DATASET RECORDS:
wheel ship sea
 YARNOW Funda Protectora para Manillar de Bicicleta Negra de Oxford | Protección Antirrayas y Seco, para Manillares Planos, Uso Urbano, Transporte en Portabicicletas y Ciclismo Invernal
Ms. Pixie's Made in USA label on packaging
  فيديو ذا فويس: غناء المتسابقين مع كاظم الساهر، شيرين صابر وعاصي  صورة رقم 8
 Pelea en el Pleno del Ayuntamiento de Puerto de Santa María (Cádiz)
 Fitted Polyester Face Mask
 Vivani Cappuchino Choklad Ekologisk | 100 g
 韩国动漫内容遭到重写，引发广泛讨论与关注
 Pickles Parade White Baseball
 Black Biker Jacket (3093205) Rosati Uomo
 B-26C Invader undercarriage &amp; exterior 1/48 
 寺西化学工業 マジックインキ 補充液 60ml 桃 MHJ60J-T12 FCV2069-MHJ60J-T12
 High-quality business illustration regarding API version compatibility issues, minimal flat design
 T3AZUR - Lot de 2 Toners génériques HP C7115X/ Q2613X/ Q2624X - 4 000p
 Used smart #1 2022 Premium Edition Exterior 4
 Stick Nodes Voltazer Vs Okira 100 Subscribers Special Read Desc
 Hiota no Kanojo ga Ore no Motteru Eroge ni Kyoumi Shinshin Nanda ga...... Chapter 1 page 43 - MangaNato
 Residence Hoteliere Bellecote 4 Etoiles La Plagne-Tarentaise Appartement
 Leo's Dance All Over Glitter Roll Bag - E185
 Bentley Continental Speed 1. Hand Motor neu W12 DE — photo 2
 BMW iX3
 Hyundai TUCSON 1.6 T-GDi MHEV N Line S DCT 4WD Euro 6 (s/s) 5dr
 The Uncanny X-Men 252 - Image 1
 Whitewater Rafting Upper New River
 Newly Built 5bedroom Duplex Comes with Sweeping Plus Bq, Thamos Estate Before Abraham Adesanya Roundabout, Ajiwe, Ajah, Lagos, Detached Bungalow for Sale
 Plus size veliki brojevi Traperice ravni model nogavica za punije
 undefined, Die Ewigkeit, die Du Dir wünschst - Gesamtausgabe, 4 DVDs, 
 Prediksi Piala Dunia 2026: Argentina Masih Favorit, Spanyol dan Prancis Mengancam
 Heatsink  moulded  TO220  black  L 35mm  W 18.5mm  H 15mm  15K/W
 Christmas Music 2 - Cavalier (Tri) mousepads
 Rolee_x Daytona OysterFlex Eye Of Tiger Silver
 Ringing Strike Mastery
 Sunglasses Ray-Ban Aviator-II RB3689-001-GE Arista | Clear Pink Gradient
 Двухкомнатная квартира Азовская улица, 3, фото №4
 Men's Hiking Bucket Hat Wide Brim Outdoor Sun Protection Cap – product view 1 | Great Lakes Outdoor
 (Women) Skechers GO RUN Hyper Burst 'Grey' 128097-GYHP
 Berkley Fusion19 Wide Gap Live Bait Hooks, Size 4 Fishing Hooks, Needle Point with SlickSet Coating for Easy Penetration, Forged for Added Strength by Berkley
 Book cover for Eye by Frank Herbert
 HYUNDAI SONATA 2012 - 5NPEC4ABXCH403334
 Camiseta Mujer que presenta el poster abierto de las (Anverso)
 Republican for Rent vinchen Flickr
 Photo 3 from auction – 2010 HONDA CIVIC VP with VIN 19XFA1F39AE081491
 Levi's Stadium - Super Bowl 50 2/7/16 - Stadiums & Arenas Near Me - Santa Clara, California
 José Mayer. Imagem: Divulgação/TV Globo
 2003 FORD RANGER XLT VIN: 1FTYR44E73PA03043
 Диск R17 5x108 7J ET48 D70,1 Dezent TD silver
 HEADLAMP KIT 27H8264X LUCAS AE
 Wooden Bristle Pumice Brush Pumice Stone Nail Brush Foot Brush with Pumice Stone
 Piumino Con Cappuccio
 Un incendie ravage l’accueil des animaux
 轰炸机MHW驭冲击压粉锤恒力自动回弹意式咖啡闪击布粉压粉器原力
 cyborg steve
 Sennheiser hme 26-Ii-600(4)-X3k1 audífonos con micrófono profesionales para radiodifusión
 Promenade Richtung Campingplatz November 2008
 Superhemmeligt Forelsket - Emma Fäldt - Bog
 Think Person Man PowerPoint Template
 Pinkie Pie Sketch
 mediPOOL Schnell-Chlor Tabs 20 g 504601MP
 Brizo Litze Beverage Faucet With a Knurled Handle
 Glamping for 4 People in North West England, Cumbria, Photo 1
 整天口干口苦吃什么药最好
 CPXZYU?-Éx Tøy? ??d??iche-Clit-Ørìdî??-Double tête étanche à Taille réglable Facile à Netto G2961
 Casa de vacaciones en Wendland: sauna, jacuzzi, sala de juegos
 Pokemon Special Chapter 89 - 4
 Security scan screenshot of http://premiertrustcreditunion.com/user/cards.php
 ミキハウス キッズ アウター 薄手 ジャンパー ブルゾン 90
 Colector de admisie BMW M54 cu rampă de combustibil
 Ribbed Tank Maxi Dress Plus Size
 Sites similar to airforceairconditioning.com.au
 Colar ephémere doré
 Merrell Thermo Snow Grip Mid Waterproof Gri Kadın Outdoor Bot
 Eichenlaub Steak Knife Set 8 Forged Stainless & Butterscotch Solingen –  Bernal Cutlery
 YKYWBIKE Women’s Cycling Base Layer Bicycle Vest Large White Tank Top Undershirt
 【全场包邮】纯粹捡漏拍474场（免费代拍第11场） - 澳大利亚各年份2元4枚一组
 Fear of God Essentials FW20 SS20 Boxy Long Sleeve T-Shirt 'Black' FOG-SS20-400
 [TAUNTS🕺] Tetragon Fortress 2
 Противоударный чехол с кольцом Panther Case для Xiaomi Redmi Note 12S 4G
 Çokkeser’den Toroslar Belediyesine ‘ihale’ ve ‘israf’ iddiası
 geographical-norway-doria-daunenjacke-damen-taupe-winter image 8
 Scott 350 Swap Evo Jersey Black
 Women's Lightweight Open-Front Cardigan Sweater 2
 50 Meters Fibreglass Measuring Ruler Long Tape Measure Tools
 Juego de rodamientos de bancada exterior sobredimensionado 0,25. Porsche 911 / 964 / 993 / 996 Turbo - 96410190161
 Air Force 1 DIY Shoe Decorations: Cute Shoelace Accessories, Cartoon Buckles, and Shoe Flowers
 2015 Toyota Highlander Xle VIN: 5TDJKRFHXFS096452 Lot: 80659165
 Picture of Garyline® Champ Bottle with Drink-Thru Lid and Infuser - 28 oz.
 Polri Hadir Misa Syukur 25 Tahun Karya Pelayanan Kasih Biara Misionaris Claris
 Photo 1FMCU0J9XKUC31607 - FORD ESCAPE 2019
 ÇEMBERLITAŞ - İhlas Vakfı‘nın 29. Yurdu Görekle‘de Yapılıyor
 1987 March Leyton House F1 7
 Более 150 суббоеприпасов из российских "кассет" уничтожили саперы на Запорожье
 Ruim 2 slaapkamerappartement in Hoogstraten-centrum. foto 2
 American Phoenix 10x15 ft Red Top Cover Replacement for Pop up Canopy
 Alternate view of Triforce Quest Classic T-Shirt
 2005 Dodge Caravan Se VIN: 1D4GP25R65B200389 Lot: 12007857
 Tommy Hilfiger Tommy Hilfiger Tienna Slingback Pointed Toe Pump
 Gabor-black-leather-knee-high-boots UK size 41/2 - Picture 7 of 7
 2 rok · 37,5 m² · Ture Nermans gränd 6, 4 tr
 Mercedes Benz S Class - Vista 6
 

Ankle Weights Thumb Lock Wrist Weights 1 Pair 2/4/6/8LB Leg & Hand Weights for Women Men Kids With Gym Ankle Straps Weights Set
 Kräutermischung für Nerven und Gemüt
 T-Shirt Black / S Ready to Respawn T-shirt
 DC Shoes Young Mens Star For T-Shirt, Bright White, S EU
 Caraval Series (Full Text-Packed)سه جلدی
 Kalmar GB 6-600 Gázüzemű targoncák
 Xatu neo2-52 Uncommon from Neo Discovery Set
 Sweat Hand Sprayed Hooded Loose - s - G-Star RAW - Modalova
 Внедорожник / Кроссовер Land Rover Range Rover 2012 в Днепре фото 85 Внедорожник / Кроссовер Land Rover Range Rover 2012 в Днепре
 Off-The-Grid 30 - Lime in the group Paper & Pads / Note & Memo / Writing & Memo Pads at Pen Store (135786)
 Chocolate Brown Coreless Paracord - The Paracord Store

ACTION ITEM: Please reproduce the lines from the line with "Stick Nodes Voltazer" to the line with "The Uncanny X-Men 252 - Image 1", both ends included, exactly as they appear above.

SOLUTION BELOW:
 Stick Nodes Voltazer Vs Okira 100 Subscribers Special Read Desc
 Hiota no Kanojo ga Ore no Motteru Eroge ni Kyoumi Shinshin Nanda ga...... Chapter 1 page 43 - MangaNato
 Residence Hoteliere Bellecote 4 Etoiles La Plagne-Tarentaise Appartement
 Leo's Dance All Over Glitter Roll Bag - E185
 Bentley Continental Speed 1. Hand Motor neu W12 DE — photo 2
 BMW iX3
 Hyundai TUCSON 1.6 T-GDi MHEV N Line S DCT 4WD Euro 6 (s/s) 5dr
 The Uncanny X-Men 252 - Image 1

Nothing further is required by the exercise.